## Base Configurations

In [1]:
import os
import torch
from transformers import SegformerForSemanticSegmentation
from dataclasses import dataclass


@dataclass
class Configs:
    NUM_CLASSES = 4
    MODEL_PATH: str = "nvidia/segformer-b4-finetuned-ade-512-512"

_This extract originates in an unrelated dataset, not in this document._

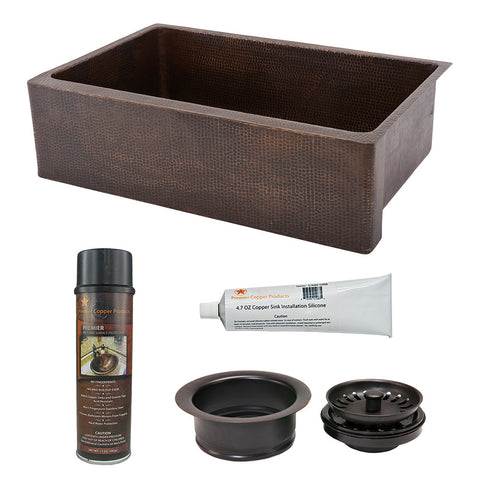KSP3_KASDB33229 - 33" Hammered Copper Kitchen Apron Single Basin Sink with Matching Drain, and Accessories
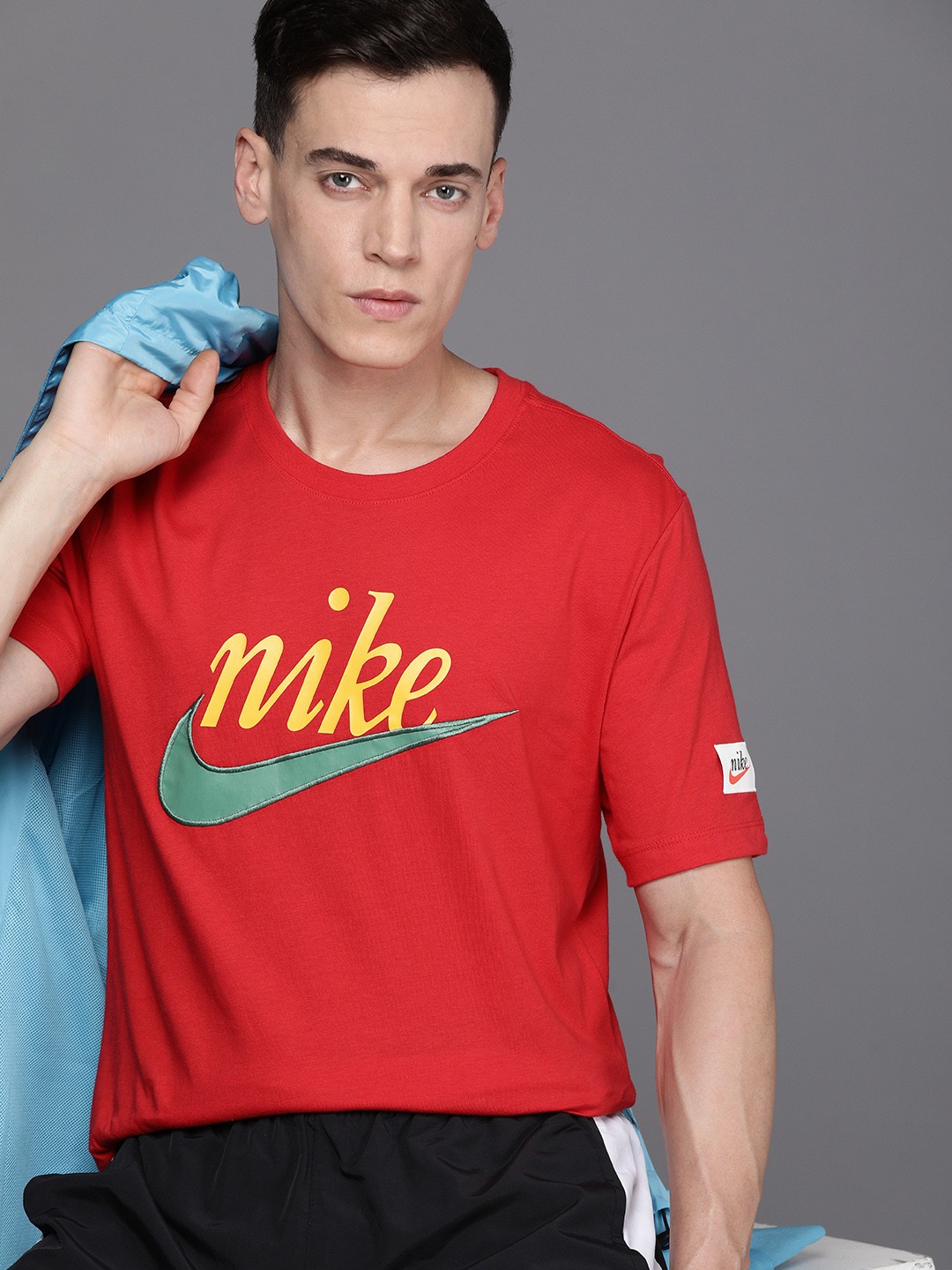

Nike Men Red Brand Logo Printed SWOOSH 50 HBR FS Pure Cotton T-shirt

## Load Model To Inspect Parameter Names

In [2]:


def get_model(*, model_path, num_classes):
    model = SegformerForSemanticSegmentation.from_pretrained(
        model_path,
        num_labels=num_classes,
        ignore_mismatched_sizes=True,
    )
    return model

In [3]:
model = get_model(model_path=Configs.MODEL_PATH, num_classes=Configs.NUM_CLASSES)
model_state_dict = model.state_dict()

print()
for i, (key, val) in enumerate(model_state_dict.items()):
    print(key)
    if i == 5:
        break

Some weights of SegformerForSemanticSegmentation were not initialized from the model checkpoint at nvidia/segformer-b4-finetuned-ade-512-512 and are newly initialized because the shapes did not match:
- decode_head.classifier.weight: found shape torch.Size([150, 768, 1, 1]) in the checkpoint and torch.Size([4, 768, 1, 1]) in the model instantiated
- decode_head.classifier.bias: found shape torch.Size([150]) in the checkpoint and torch.Size([4]) in the model instantiated
You should probably TRAIN this model on a down-stream task to be able to use it for predictions and inference.



segformer.encoder.patch_embeddings.0.proj.weight
segformer.encoder.patch_embeddings.0.proj.bias
segformer.encoder.patch_embeddings.0.layer_norm.weight
segformer.encoder.patch_embeddings.0.layer_norm.bias
segformer.encoder.patch_embeddings.1.proj.weight
segformer.encoder.patch_embeddings.1.proj.bias


## Download & load PyTorch-Lightning Checkpoint and Inspect Parameter Names

In [4]:
import wandb

run = wandb.init()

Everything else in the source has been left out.